A connector can only be assigned to one instance at a time. To move a connector to a different instance, you must unassign it first (set instanceName to null), then assign it to the new instance. Attempting to reassign directly will return 409 Conflict.
Pausing & Resuming Instances
Instances support two levels of pause control:
Global Pause
Pauses all instances. Set via Settings > System > Pause All Services or POST /api/system/pause.
Per-Instance Pause
Pauses a single instance. Set via the Pause button on the instance card or POST /api/instances/{name}/pause.
An instance is paused if either the global pause or its per-instance pause is active. Pausing takes effect mid-sync — if a sync cycle is in progress, it will be interrupted and the run marked as Paused.
API Examples
POST /api/instances/EngineEurope/pause
Response:
{
"instanceName": "EngineEurope",
"paused": true
}{
"paused": false,
"instancePauseStates": {
"EngineEurope": true,
"IdentityMeshEngine": false
}
}Renaming Instances
Instance names can be changed from the admin UI or via the REST API. Renaming cascades automatically across all related data — connector assignments, run history, and pause settings are all updated in a single transaction.
Via Admin UI
Click the Rename button on an instance card in Settings > Engine Instances, enter the new name, and confirm.
Via REST API
PUT /api/instances/{instanceId}/rename
Content-Type: application/json
{
"newName": "EngineEurope-v2"
}{
"instanceId": "b7e4f2a1-...",
"instanceName": "EngineEurope-v2"
}Restart Required
Renaming only updates the database.
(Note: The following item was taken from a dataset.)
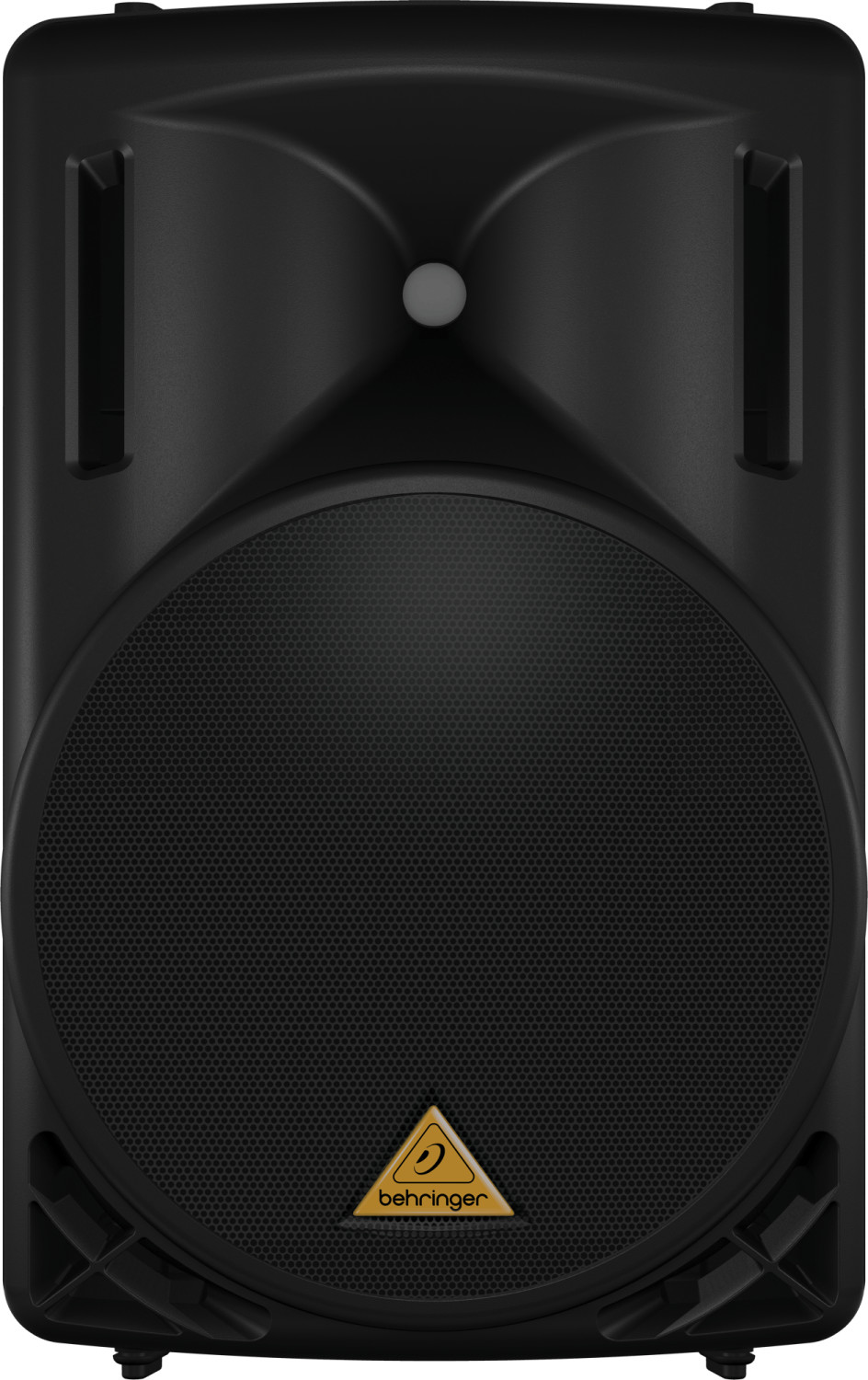 Behringer Eurolive B215D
If the engine is still running with the old --instance-name, it will re-register under the old name on its next heartbeat. Restart the service with the new --instance-name for a permanent rename.
Instance API Reference
| Method | Endpoint | Description |
|---|---|---|
| GET | /api/instances | List all registered instances with effective status |
| POST | /api/instances/{name}/pause | Pause a specific instance |
| POST | /api/instances/{name}/resume | Resume a paused instance |
| PUT | /api/instances/{id}/rename | Rename an instance (cascades to connectors, run history, and pause settings) |
| DELETE | /api/instances/{name} | Remove an offline instance and unassign its connectors |
| PUT | /api/connectors/{id}/instance | Assign or unassign a connector to an instance |
Common Deployment Patterns
Geographic Distribution
Run one instance per region to keep sync traffic local.
-
EngineUSon US servers → US-based AD connectors -
EngineEUon EU servers → EU-based LDAP connectors -
EngineAPACon APAC servers → APAC connectors
Workload Isolation
Separate heavy connectors from lightweight ones.
-
EngineBulk→ large AD forests (100k+ objects) -
EngineFast→ cloud connectors (Okta, Entra ID)
Fault Isolation
A failing connector on one instance won't block connectors on another.
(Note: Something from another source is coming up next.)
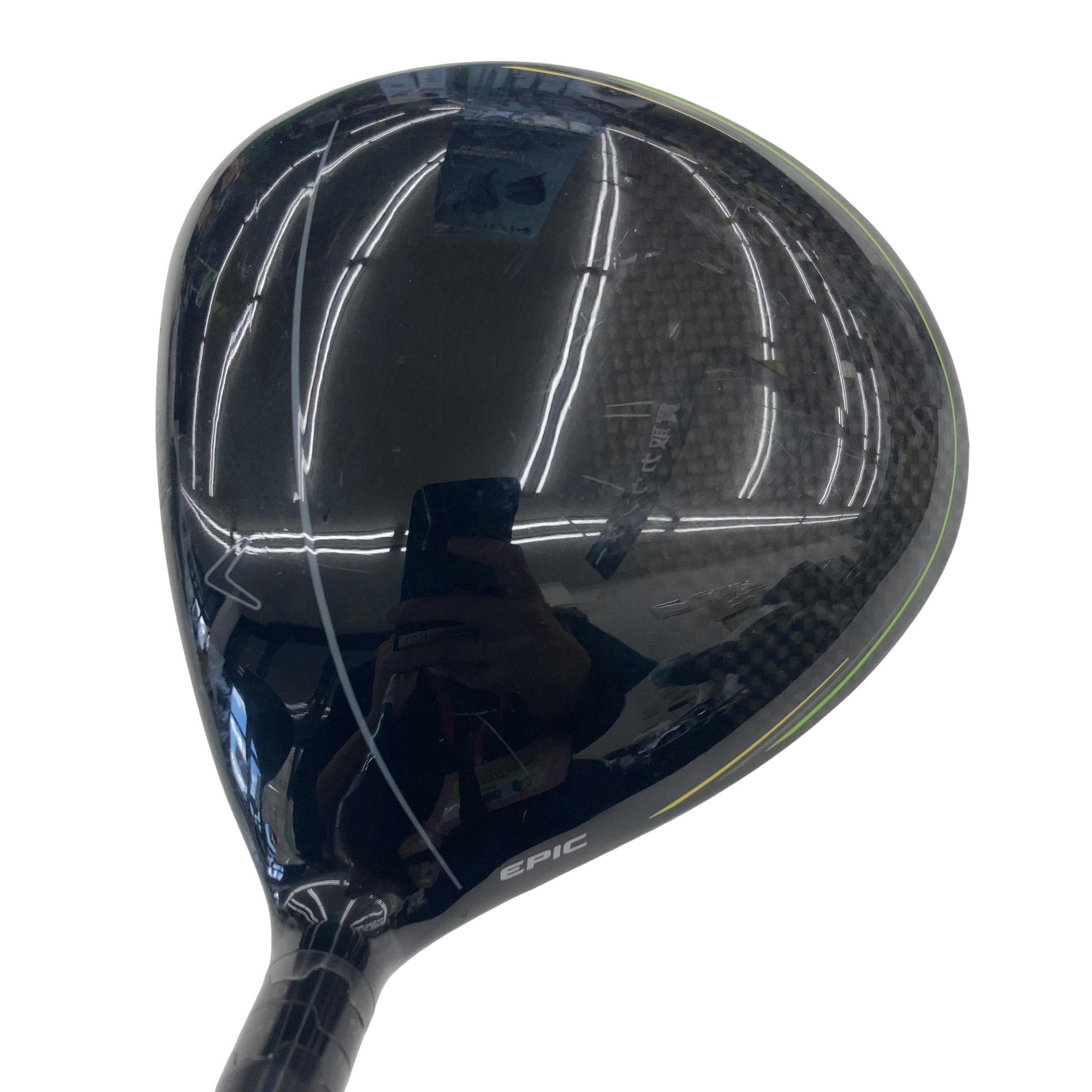 �d�o�h�b�@�e�k�`�r�g�@�@�X°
- Pause or restart one instance without affecting others
- Isolate a problematic connector for debugging
Maintenance Windows
Pause a single instance during scheduled maintenance.
- Pause EU instance during EU maintenance window
- US and APAC instances continue syncing uninterrupted
Database Schema
Multi-instance support requires three SQL migration scripts to be run against the Identity Mesh database:
Create_IM_EngineInstances.sql
New table storing instance registrations, heartbeat timestamps, status, and version information.
Alter_IM_Connectors_AddInstanceName.sql
Adds a nullable InstanceName column to IM_Connectors for connector-to-instance assignment.
Alter_IM_RunHistory_AddInstanceName.sql
Adds a nullable InstanceName column to IM_RunHistory to track which instance executed each run.
All scripts are idempotent (use IF NOT EXISTS) and safe to run multiple times. The new columns are nullable, so existing data is unaffected.